### Exercise prompt
Go over the data and work out how many lines include the word "Mens". Give that number only.

### Dataset content

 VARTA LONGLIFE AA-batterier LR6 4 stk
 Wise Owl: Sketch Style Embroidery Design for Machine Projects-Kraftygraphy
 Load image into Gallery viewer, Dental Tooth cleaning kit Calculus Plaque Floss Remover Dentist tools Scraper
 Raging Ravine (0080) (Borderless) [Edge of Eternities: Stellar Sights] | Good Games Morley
---
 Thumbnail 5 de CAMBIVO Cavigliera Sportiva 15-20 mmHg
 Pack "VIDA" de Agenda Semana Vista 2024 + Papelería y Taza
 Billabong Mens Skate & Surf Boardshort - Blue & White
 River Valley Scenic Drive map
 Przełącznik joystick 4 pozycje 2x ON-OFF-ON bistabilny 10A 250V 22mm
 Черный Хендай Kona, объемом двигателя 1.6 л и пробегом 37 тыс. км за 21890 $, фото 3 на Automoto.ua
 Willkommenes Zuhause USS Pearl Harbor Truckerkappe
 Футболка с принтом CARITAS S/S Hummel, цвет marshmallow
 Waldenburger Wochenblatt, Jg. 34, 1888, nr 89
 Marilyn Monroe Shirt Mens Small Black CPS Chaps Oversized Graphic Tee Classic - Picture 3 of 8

### Problem solution
2